(Stored entries)
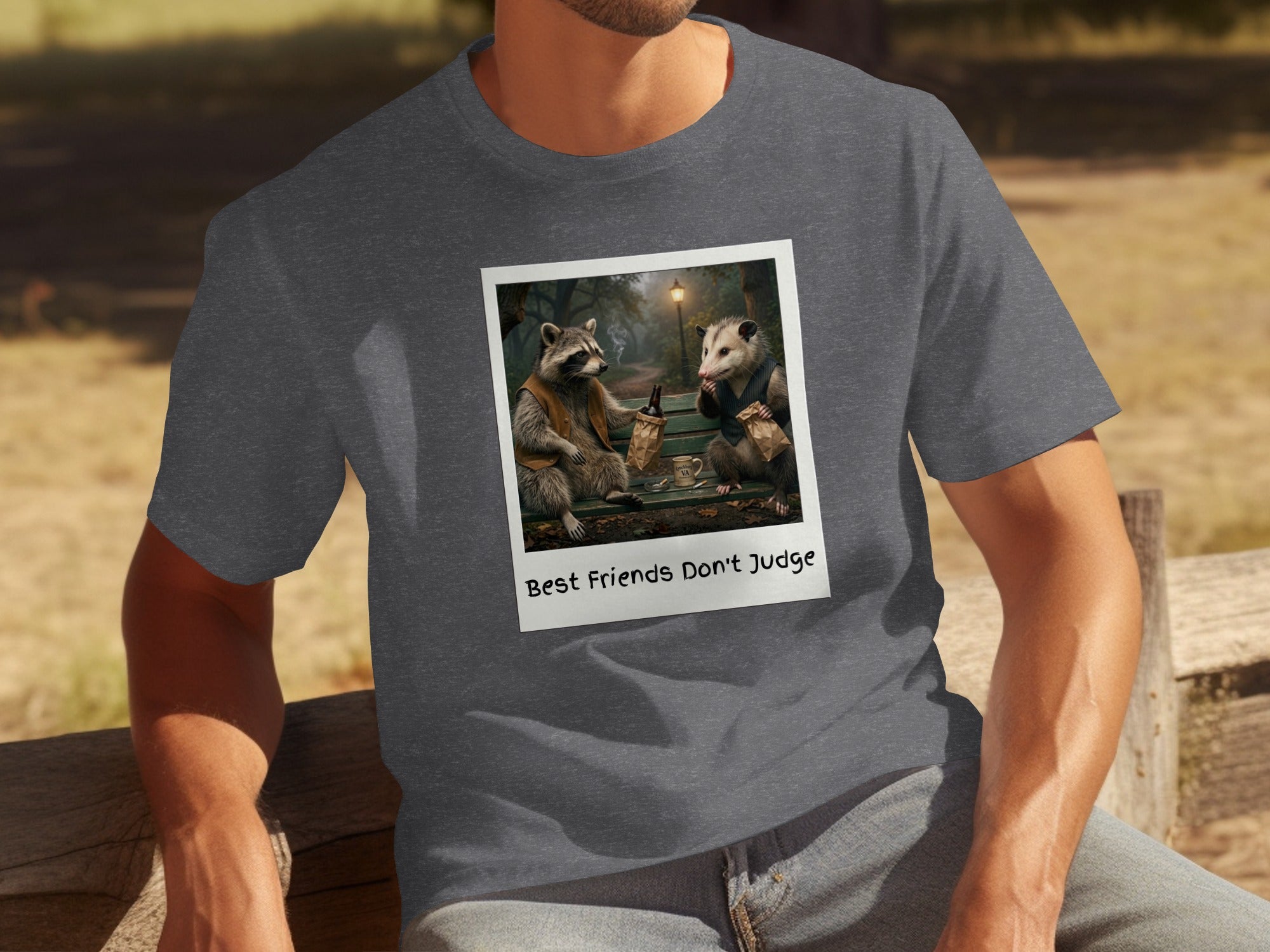 T-shirt with a polaroid graphic of a raccoon and possum on a bench.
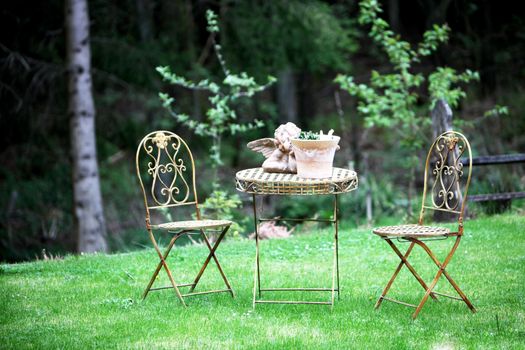 romantic garden patio with two chairs, a table and table decorations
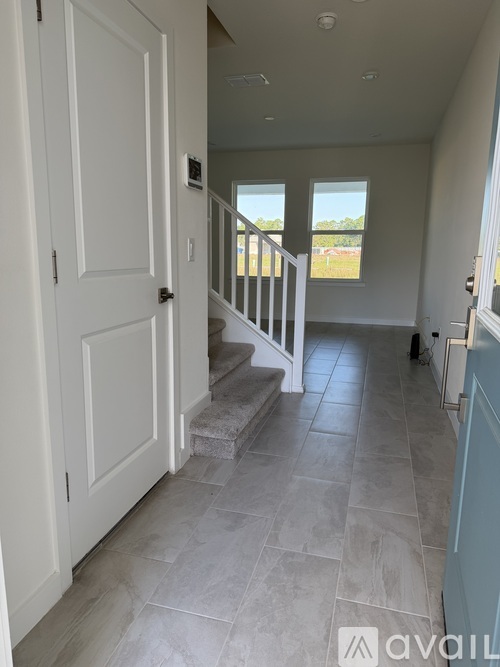 A hallway with a staircase leading to a balcony.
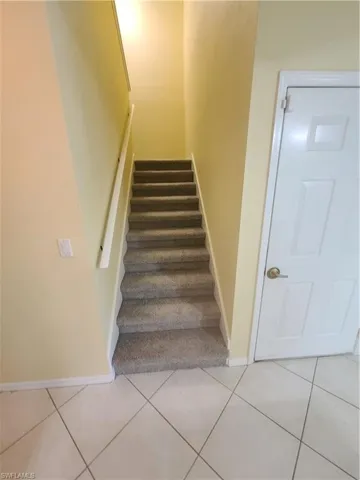 Carpeted steps leading to upstairs bedrooms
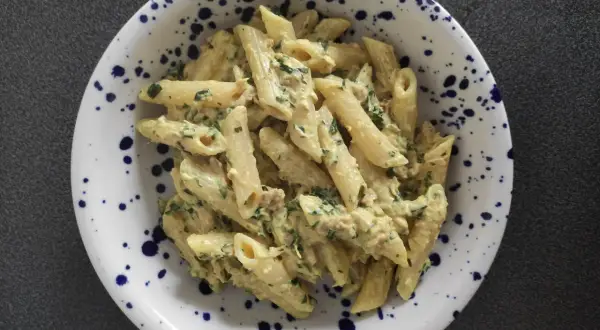 Penne z kremowym sosem, tuńczykiem i natką pietruszki w talerzu w granatowe cętki. Pyszny makaron z tuńczykiem.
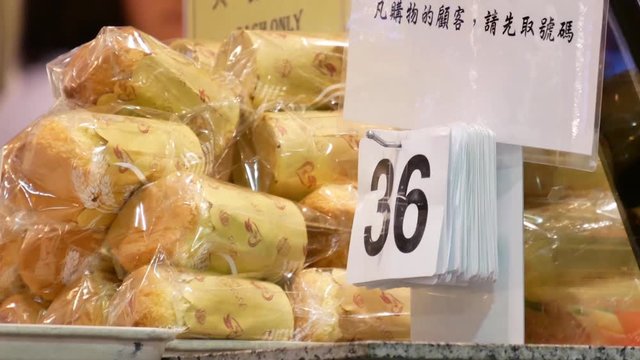 Motion of people taking number tag inside Chinese cake and bread store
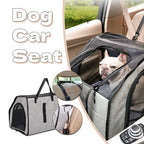 Dog car crate strapped into a car seat with a small dog looking out of the mesh window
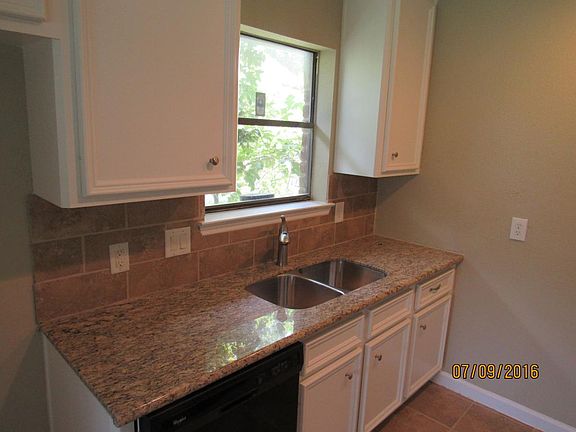 Kitchen Sink with Granite Counters tops and nice backsplash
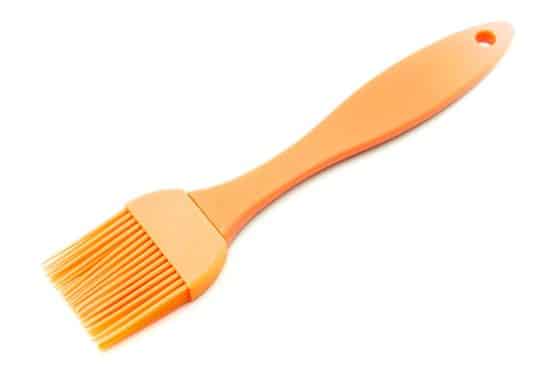 A photo of an orange silicone basting brush.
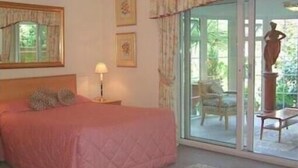 A bedroom with a bed, a nightstand, a lamp, and a window with curtains. - Hayesthorpe Hotel (South Croydon)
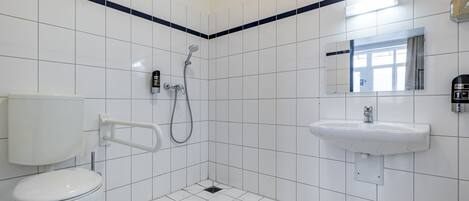 A bathroom with white tiles, a toilet, a shower, and a sink.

**WORK INSTRUCTION**
Copy exactly the lines from the one containing "A bedroom with" through the last line of the records above, including both, and omit every picture.

**ANSWER TO THE EXERCISE**
 A bedroom with a bed, a nightstand, a lamp, and a window with curtains. - Hayesthorpe Hotel (South Croydon)
 A bathroom with white tiles, a toilet, a shower, and a sink.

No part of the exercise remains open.